● **DESCRIPTION OF THE TASK**:
Print the line that contains "World of Final" and every line that follows it in the data below, ending with the final line; include nothing else.

● **DATA PROVIDED**:
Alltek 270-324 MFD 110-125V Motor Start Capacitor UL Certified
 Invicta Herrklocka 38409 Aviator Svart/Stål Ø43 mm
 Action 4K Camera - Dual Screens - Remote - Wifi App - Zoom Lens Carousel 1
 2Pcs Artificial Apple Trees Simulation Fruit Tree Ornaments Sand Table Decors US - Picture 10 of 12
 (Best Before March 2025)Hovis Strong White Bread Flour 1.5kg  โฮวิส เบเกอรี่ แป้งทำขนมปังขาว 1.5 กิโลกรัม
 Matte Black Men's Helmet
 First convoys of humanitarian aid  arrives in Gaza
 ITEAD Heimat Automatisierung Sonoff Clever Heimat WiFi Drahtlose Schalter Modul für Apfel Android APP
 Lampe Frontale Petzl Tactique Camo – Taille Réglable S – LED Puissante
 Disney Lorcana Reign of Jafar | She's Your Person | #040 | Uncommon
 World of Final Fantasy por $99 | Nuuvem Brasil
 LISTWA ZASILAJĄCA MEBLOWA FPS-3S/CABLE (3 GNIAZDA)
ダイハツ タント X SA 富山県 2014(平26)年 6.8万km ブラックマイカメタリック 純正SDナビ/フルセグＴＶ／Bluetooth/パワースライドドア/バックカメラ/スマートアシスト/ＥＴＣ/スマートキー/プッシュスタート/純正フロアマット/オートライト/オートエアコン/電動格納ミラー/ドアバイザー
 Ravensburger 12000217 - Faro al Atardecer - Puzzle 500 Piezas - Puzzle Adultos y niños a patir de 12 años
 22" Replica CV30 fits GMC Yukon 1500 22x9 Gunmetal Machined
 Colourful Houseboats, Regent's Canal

● **SOLVED EXERCISE**:
 World of Final Fantasy por $99 | Nuuvem Brasil
 LISTWA ZASILAJĄCA MEBLOWA FPS-3S/CABLE (3 GNIAZDA)
ダイハツ タント X SA 富山県 2014(平26)年 6.8万km ブラックマイカメタリック 純正SDナビ/フルセグＴＶ／Bluetooth/パワースライドドア/バックカメラ/スマートアシスト/ＥＴＣ/スマートキー/プッシュスタート/純正フロアマット/オートライト/オートエアコン/電動格納ミラー/ドアバイザー
 Ravensburger 12000217 - Faro al Atardecer - Puzzle 500 Piezas - Puzzle Adultos y niños a patir de 12 años
 22" Replica CV30 fits GMC Yukon 1500 22x9 Gunmetal Machined
 Colourful Houseboats, Regent's Canal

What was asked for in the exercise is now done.